Blick aus dem Krater zum Zenit
An den Polen des Mondes sieht das in den Zenit blickende Teleskop ständig dasselbe extragalaktische Feld. Das Deep Field Infrared Observatory würde sich die lunare Topographie zunutze machen und – ähnlich wie das berühmte Radioteleskop von Arecibo – auf dem Rücken in einem Krater liegend den Blick in den Himmel richten. Man könnte die Auflösung sogar noch einmal erhöhen, wenn man mehrere Teleskope auf den gleichen Fleck des Himmels richtet, indem man also auch hier die Technik der Interferometrie zuhilfe nimmt.
Der Südpol der Ekliptik liegt praktisch genau im Zenit eines lunaren Südpol-Teleskops, denn die Drehachse des Mondes ist nur um 1,5 Grad zum ekliptischen Pol geneigt. Die Präzessionsperiode beträgt 18 Jahre. Diese kleine Schwankung bewirkt, dass es für das Deep Field Infrared Observatory in diesem Zeitraum ein beobachtbares Feld von drei Grad gibt, an dessen rechtem Rand sich die Große Magellansche Wolke befindet. Das Zentrum des Beobachtungsfeldes ist aber fast frei von Sternen, die Sicht auf den intergalaktischen Raum unbehindert und perfekt geeignet für die ultimative Deep Field Survey.
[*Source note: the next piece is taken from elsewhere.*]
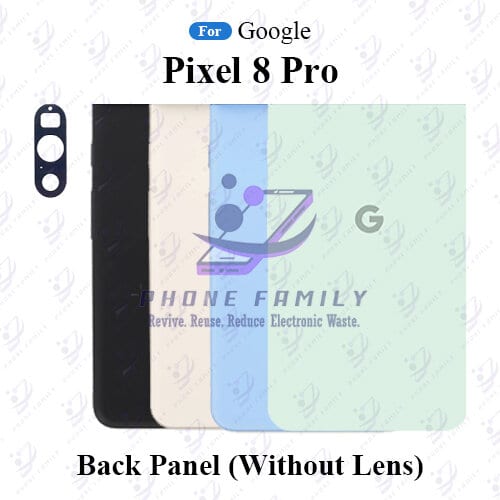 For Google Pixel 8 Pro Back Panel/Backshell/ Casing + Camera Lens With Logo-All Colors Available Price in Bangladesh - Mobile.com.bd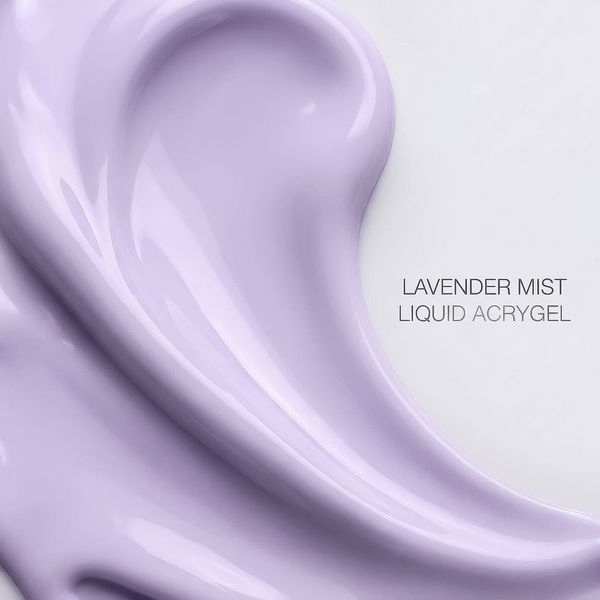 ZNS Liquid Acrygel №10 Lavender Mist Рідкий Акригель для нігтів, 30 мл 43289 фото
Der Blick zurück in den Anfang des Universums wird dadurch um Größenordnungen besser, als dies heute möglich ist. Bei einer Beobachtungszeit von einem Jahr könnten Objekte abgebildet werden, die hundertmal schwächer sind als die schwächsten Objekte, die das JWST noch sehen kann. Das wäre eine Revolution in der Beobachtung des frühen Universums; damit könnten wir die Entstehung der ersten Sterne und Galaxien gewissermaßen aus der ersten Reihe beobachten.
Ruhig spiegelt der See…
Zurück zum Spiegel des Teleskops. Die Spiegelflüssigkeit solcher Teleskope besteht auf der Erde aus Mercurium. Die größten auf der Erde geschaffenen flüssigen Teleskope sind auf einen Durchmesser von etwa sechs Metern beschränkt. Sie unterliegen Störungen durch die Erdrotation, durch den Fahrtwind, der für Wellenbildung auf der Flüssigkeit sorgt, durch seismische Effekte und die üblichen atmosphärischen Störungen, die auch auf alle terrestrischen optischen Teleskope einwirken.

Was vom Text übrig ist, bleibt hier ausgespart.